Die Systemsuche geht weiter. Oder, wie es Altintop rosig formuliert: „Ich glaube, dass wir sehr flexibel spielen können…“ Einen Zehner haben die Bayern nach wie vor nicht. Bei der Blamage in Mainz stellte van Gaal komplett um, beorderte Klose hinter Mario Gomez. „Wir haben mit einem anderem System und Miro zentral gespielt“, erklärte Gomez nach dem 1:2. Klose also nach Baumjohann und Sosa das dritte Experiment auf der Position des Regisseurs? Dem widerspricht ausgerechnet Klose selbst. „Das war keine Position zehn“, sagt der Stürmer zur tz. „Wer das sagt, hat keine Ahnung vom Fußball. Ich habe hängend um den Stoßstürmer herum gespielt.“

Das System – ein Rätsel? Kloses Lösung: „Wir brauchen einfach Siege. Wir müssen nicht daran denken, was in ein paar Wochen ist, sondern brauchen kurzfristigen Erfolg.“ Ein Umdenken hat er bereits festgemacht. „Es läuft schon ganz anders, allein beim Training ist seit dem Spiel gegen Mainz ein anderer Zug drin“, meint Klose – und nimmt den Trainer bei der System-Problematik aus der Kritik: „Dass wir noch kein System gefunden haben, ist kein Fehler des Trainers. Wir müssen uns halt finden auf dem Platz, da kann der Trainer ja nichts dafür. Jeder muss wissen, was los ist. Aber wir brauchen noch Zeit.“ Die haben jedoch weder Spieler noch Trainer. Gegen Wolfsburg brauchen die Bayern unbedingt ein Erfolgserlebnis. „Jeder von uns hat verstanden, dass beim nächsten Spiel ein anderes Auftreten von uns nötig ist“, versichert Altintop.

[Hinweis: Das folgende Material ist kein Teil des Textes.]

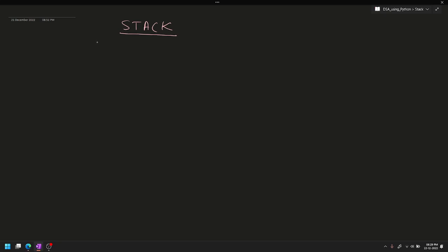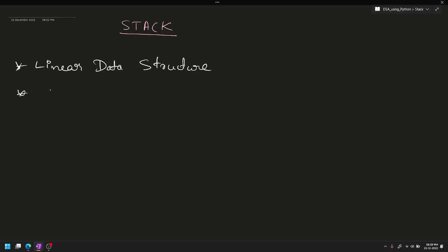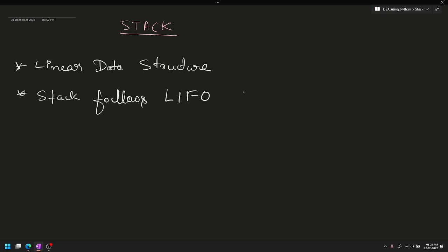In the beginning of the video, I will show you the stack. This is the complete tag information. The first point is the stack - it is a linear data structure. Stack follows LIFO principle - Last In First Out principle.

Neben einem System fehlten der Mannschaft zuletzt die Emotionen, keiner rappelte sich nach den Rückschlägen auf. „Die Kommunikation hat bei uns zuletzt auf dem Platz gefehlt“, erklärt Altintop. „Die Situation ist nicht schön für uns, die Lage ist schlecht. Das nimmt man auch mit in den Alltag.“ Höchste Zeit für Korrekturen.